In movement process, cells move every specific time known as \({m}_{c}\), however as all the cells might not be synchronized in their movement, a random number was introduced to be added to \({m}_{c}\). The value of the \({m}_{c}\) parameter was also calibrated using in-vitro data. In this process, individual cells can move in a random manner with random-probability, or biased-random manner with biased-probability, and change their positions if there is a free lattice point in their neighbourhood34. Cells can move toward one of six directions (right, left, up, down, forward, and backward) of their neighbourhood with equal probability, which is known as random movement, or move in a biased-random manner with weighted probability, where cells are attracted to other cells and the pores in their vicinity, as motivated by empirical observations from the in-vitro experiments. In the biased-random movement, we compute the probability of movement in each direction (direction-p) depending on the number of neighboring cells at that direction of a cell within its range of attraction, defined as (\({L}_{c}\)).
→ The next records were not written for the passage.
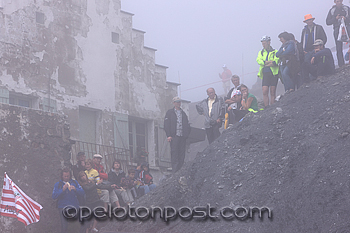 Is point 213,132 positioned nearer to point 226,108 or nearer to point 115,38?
point 226,108

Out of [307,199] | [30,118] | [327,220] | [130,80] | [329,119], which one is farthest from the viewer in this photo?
[130,80]

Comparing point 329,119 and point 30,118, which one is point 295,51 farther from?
point 30,118

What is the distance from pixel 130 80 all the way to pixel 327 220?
11.5 metres

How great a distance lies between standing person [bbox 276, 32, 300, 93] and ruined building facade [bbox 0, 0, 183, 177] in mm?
6058

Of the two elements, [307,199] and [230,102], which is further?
[230,102]

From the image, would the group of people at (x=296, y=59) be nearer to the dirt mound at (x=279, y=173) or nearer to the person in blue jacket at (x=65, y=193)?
the dirt mound at (x=279, y=173)

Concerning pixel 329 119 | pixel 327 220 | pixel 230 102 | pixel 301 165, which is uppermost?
pixel 230 102

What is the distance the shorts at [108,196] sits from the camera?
11.0m

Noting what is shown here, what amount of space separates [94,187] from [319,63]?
624 cm

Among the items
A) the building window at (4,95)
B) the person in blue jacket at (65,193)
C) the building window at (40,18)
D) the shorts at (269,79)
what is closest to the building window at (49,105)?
the building window at (4,95)

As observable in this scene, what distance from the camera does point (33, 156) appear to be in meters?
10.6

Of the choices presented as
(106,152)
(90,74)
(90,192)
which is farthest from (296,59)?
(90,74)

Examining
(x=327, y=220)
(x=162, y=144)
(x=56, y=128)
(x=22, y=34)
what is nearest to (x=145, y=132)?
(x=162, y=144)

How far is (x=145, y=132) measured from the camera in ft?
59.6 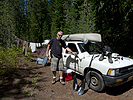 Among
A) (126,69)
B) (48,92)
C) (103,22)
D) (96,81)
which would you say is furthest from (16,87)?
(103,22)

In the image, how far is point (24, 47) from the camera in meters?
7.26

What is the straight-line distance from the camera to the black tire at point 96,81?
3303 millimetres

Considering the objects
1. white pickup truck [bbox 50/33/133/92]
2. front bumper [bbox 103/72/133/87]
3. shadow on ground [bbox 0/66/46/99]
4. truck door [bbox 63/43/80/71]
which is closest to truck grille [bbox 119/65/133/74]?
white pickup truck [bbox 50/33/133/92]

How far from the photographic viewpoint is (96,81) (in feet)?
11.4

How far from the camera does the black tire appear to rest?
130 inches

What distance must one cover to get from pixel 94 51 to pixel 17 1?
31.7ft

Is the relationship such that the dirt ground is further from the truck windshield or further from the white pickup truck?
the truck windshield

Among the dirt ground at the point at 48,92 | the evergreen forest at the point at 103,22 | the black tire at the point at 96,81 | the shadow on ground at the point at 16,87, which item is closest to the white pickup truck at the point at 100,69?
the black tire at the point at 96,81

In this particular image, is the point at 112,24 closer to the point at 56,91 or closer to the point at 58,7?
the point at 56,91

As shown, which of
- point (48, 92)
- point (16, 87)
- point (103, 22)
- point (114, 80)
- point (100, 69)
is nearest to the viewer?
point (114, 80)

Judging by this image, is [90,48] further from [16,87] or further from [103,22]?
[103,22]

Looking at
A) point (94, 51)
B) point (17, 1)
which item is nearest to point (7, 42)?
point (17, 1)

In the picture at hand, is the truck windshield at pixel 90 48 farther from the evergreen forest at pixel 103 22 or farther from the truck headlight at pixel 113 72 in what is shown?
the evergreen forest at pixel 103 22

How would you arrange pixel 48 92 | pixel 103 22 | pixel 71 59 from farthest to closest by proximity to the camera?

Also, the probability in each direction can be increased depending on the Euclidean distance between the individual and pores within a specific attraction range known as (\({L}_{p}\)). In the random movement case, \({P}_{\mathrm{up}}={P}_{\mathrm{down}}={P}_{\mathrm{left}}={P}_{\mathrm{right}}={P}_{\mathrm{forward}}={P}_{\mathrm{backward}}=1/6\), where 6 is the number of directions, and \({P}_{\mathrm{up}}\), \({P}_{\mathrm{down}}\), \({P}_{\mathrm{left}}\) \({P}_{\mathrm{right}}\) , \({P}_{forward}\) , and \({P}_{\mathrm{backward}}\) are the probability of cell movement in the up, down, left and right direction, respectively. In the random-biased case, \({P}_{\mathrm{up}}={P}_{1}\), \({P}_{\mathrm{down}}={P}_{2}\), \({P}_{\mathrm{right}}={P}_{3}\), \({P}_{\mathrm{left}}={P}_{4}\), \({P}_{forward}={P}_{5}\) , and \({P}_{backward}={P}_{6}\), with \({\sum }_{i=1}^{6}{P}_{i}=1\). The probabilities \({P}_{i}\) are computed by scanning and summing the neighboring cells and pore lattice points. More details are described in the Supplementary Material. Finally, each cell moves with more tendency in the direction where higher probability is computed.

Death

In the simulations, we assumed that the porous structure of the 3D bioprinted scaffold allowed all cells to access nutrients and oxygen, which prevented death due to the lack of such vital materials. However, cells lose their viability if they remained in the stationary phase for more than a specific time defined as \({C}_{d}\), calibrated within a range of values, with the probability of \({P}_{d}\). Table S1 contains the values for all in-silico parameters.

Statistical analysis

Image J software was utilized to analyze the images. All error bars in the figures and reported data indicated ± SD from at least three repeats (n ≥ 3). The results were reported in the format of mean ± SD. The reported statistics from confocal microscopy images were obtained by averaging the number of cells in at least five distinct points of each structure.